Arriviamo invece al cuore di questa intervista: Love exchange, il tuo prossimo spettacolo a teatro. Vorrei che tu me lo presentassi in modo particolare. Come me lo venderesti questo spettacolo?

E’ uno spettacolo molto divertente, perché io sarò una donna molto elegante, sofisticata e con la puzza sotto al naso che starà con il classico “uomo medio italiano”, un po’ sempliciotto, che parla in romanaccio ecc.. Di punto in bianco per uno strano meccanismo di un’invenzione che stava facendo, si inceppa e ci scambiamo di corpo. E’ molto divertente vedere dal punto di vista dell’altro tutto quanto. Soprattutto di una persona, comunque sia, semplice e che non ha mille paturnie che ha una donna. Sarà divertente per me come attrice metterlo in scena e sarà divertente per il pubblico vederlo.
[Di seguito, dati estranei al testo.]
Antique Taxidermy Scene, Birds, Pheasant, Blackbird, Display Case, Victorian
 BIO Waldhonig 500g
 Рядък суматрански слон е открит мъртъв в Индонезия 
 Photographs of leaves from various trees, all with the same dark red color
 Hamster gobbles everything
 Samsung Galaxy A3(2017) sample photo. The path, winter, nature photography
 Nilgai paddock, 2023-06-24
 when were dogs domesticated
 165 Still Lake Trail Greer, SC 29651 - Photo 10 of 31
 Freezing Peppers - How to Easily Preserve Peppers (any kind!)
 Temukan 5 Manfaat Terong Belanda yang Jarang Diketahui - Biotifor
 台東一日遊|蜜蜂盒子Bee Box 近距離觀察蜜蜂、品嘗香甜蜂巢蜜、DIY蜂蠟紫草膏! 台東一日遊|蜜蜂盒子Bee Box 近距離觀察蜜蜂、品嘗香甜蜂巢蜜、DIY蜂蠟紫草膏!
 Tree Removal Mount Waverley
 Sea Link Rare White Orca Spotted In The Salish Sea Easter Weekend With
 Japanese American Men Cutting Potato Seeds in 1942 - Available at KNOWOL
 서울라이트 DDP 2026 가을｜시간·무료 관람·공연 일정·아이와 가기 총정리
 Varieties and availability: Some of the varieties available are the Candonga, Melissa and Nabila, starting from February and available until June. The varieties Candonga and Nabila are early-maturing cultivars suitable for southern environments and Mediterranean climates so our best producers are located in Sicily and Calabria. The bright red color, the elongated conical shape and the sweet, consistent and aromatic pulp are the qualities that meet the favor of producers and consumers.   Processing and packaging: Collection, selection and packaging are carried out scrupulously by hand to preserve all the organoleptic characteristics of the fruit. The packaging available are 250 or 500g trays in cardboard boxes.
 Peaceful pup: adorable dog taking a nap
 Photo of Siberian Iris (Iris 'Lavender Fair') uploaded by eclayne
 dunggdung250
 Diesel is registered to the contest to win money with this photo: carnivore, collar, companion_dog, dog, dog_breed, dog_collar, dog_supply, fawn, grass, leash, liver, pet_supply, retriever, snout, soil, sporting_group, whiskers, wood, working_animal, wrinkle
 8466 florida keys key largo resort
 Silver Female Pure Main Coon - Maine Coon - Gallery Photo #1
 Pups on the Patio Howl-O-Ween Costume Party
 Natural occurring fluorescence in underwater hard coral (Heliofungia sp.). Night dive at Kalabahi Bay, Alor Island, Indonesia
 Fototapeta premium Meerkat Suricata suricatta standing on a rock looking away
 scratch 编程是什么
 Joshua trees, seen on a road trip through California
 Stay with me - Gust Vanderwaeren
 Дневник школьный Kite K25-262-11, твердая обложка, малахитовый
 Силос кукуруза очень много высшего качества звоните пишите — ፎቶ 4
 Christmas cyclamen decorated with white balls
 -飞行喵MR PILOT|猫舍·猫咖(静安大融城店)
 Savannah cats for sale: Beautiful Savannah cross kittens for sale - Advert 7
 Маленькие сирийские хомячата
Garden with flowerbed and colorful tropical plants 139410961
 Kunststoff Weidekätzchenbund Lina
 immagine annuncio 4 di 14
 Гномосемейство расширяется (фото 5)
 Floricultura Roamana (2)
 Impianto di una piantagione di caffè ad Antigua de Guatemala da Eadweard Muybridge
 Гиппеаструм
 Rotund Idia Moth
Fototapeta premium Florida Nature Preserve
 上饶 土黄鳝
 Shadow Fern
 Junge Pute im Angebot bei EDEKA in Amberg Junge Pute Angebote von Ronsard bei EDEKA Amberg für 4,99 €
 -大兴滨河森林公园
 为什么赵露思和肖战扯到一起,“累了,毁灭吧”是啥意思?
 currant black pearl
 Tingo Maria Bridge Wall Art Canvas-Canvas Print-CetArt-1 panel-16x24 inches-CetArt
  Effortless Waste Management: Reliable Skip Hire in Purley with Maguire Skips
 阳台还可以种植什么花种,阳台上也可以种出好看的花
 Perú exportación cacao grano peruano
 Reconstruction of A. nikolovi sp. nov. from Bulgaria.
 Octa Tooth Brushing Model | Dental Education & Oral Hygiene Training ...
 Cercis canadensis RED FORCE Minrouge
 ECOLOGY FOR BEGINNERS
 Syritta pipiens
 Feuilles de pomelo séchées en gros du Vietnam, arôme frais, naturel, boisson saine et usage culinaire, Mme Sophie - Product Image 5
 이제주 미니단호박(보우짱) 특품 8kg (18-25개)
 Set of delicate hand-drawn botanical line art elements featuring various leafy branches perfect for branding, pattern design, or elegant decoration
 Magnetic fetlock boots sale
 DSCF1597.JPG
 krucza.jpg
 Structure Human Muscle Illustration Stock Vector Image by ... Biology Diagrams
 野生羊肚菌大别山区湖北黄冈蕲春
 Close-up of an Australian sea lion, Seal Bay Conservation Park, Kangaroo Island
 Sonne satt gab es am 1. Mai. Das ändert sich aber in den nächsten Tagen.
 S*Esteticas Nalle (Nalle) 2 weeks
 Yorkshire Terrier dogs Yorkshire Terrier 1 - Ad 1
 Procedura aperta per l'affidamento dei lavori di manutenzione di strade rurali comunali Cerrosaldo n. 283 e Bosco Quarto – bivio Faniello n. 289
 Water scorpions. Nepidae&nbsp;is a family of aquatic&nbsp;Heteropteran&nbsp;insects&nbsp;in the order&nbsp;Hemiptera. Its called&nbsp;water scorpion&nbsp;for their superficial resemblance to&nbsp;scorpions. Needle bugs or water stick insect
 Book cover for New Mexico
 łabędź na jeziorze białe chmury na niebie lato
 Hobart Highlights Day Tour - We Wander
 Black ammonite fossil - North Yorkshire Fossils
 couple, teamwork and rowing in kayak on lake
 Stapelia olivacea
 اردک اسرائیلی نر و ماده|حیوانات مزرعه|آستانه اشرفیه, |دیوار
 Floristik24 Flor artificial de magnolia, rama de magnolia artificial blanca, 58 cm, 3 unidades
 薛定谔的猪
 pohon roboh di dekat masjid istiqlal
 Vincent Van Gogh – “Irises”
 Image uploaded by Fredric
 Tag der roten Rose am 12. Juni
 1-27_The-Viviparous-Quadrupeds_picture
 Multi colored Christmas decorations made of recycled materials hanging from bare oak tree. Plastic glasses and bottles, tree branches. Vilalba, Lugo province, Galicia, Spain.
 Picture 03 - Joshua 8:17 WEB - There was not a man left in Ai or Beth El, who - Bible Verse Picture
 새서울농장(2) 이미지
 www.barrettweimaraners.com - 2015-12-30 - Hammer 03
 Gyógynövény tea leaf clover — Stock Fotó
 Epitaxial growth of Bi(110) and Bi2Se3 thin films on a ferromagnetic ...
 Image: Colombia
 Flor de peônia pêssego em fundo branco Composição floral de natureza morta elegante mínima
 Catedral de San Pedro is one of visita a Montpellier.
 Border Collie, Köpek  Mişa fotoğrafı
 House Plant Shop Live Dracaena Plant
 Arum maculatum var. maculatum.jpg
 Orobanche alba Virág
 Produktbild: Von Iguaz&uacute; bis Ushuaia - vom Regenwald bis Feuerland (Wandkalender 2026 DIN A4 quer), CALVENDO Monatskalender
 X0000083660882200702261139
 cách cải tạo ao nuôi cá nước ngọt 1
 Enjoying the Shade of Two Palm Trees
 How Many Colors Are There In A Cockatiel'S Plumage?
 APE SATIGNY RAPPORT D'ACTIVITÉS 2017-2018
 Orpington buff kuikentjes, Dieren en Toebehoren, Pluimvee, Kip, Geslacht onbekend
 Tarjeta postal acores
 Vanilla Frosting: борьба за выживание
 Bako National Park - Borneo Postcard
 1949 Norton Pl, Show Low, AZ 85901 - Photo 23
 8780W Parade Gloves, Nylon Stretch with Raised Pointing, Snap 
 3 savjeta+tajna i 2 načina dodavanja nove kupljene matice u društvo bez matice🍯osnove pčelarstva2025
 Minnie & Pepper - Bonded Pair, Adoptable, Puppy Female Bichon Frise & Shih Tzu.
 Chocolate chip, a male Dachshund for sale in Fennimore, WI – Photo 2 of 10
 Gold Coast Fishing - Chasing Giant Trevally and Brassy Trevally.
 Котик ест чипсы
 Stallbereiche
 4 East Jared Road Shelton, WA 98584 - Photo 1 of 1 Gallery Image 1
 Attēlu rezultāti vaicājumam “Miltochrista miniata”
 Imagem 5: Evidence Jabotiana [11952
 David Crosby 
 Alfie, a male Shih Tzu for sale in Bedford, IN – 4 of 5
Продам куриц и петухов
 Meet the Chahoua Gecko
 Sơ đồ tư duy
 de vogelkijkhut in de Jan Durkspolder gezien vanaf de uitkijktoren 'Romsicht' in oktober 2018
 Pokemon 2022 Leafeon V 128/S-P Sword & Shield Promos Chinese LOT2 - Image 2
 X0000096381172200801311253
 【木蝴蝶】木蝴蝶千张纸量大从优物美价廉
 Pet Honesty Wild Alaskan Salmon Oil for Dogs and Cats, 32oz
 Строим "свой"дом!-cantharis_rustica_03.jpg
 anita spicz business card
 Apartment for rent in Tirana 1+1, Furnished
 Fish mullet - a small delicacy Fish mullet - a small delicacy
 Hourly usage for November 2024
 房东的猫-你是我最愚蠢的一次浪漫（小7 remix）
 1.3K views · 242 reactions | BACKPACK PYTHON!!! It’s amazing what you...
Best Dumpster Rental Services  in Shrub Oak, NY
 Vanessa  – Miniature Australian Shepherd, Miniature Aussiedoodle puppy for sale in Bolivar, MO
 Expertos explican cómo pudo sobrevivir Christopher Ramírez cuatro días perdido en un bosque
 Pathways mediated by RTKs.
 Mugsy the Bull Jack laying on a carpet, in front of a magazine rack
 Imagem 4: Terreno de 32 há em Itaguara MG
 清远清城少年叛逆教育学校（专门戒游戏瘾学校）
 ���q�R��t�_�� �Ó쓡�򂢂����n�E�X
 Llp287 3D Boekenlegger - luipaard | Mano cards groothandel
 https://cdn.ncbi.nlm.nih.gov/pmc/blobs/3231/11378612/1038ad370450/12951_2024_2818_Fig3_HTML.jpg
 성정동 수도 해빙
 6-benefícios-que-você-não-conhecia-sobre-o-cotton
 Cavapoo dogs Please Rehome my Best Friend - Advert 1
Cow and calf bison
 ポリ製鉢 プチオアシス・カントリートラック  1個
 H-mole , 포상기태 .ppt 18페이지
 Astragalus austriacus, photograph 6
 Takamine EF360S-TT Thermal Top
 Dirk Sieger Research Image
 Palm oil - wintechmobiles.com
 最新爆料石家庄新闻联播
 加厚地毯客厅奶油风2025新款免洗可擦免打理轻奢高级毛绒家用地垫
Leggendo in giro di questo spettacolo, ho visto che viene spesso definito come “graffiante”. Tu perché lo definiresti graffiante?

C’è molto un sottotesto di come vive l’uno nei panni dell’altro e si faccia fatica. Anche nei dialoghi, anche nel vivere, per esempio: c’è tutta una scena in cui lei, donna di spettacolo, vedrà lui realizzare la diretta televisiva. Molto divertente anche perché la trasmissione tratta temi come il femminismo, la violenza sulle donne, l’emancipazione. Dal punto di vista di un uomo, in questo caso molto semplice, è stato graffiante.

Quindi c’è anche una critica alla società d’oggi immagino…

Sì, anche esattamente. Da un punto di vista maschile, questa è un po’ la novità.

Possiamo dire che il tema dello spettacolo è l’empatia. Volevo chiederti che rapporto hai con l’empatia? Ti reputi una persona empatica? Se sì, lo sei sempre stata?

Allora, sì mi reputo una persona molto empatica e no, non penso di esserla sempre stata. Una predisposizione sicuramente c’era, poi ovviamente con il mio lavoro sicuramente sviluppi tantissimo questo tuo aspetto. Dovendosi innamorare, e provare emozioni ogni giorno (sul palco), devi empatizzare e l’amore come tanti altri sentimenti nasce dall’empatia. Dall’empatia nei confronti dell’altro, soprattutto dalle ferite e paure dell’altro. Senza empatia non ci riuscirei.

Immagino che per il lavoro dell’attore sia necessario.

Si, sicuramente serve anche per creare un legame immediato. Ci deve essere molta empatia per andare nel profondo.

Concludere questa intervista chiedendoti: Che rapporto e che sinergia c’era con i colleghi di questo spettacolo e se magari hai qualche aneddoto sulla lavorazione di questo spettacolo

Con tanti di loro ho già lavorato parecchie volte. In particolare con tre di loro c’è già molta confidenza. Tra l’altro, l’attore che qui fa mio marito, lo ha già fatto in passato in un paio di spettacoli. In questo siamo già molto avvantaggiati.

Un aneddoto divertente può essere sicuramente nella giornata di ieri. Abbiamo fatto le prove e c’era la scena in cui io e il mio finto marito facciamo l’amore, ma non siamo nei nostri corpi naturali, secondo la storia. Ci sono stati un po’ di tentativi divertenti, soprattutto sulla posizione e su come metterci. Anche il regista si divertiva e ci ha lasciato fare per un po’.

Sarei molto curioso di questo aspetto. Lavorare a questo spettacolo ti ha portato a notare alcune cose nel tuo quotidiano, che senza un esercizio di empatia come questo, non avresti notato?

Sì, la particolarità di questo spettacolo è che ho dovuto ragionare nel provare emozioni però ragionando come un uomo. Quindi ho dovuto fare questa cosa che non mi era capitata prima. Non sono io donna, che comunque mi è molto più facile fare e provare delle cose, ma io uomo “semplice”. E’ stato comunque sia, una cosa che di me non sapevo né conoscevo.

Classica domanda di fine intervista: Nei progetti futuri resterai sulla linea delle commedie graffianti oppure cambierai rotta? 

Ad ottobre andrò in scena con uno spettacolo molto drammatico. Quindi tutt’altro genere. Poi ci sarà un docufilm fantascientifico sui viaggi nel tempo. Questi sono i progetti più imminenti.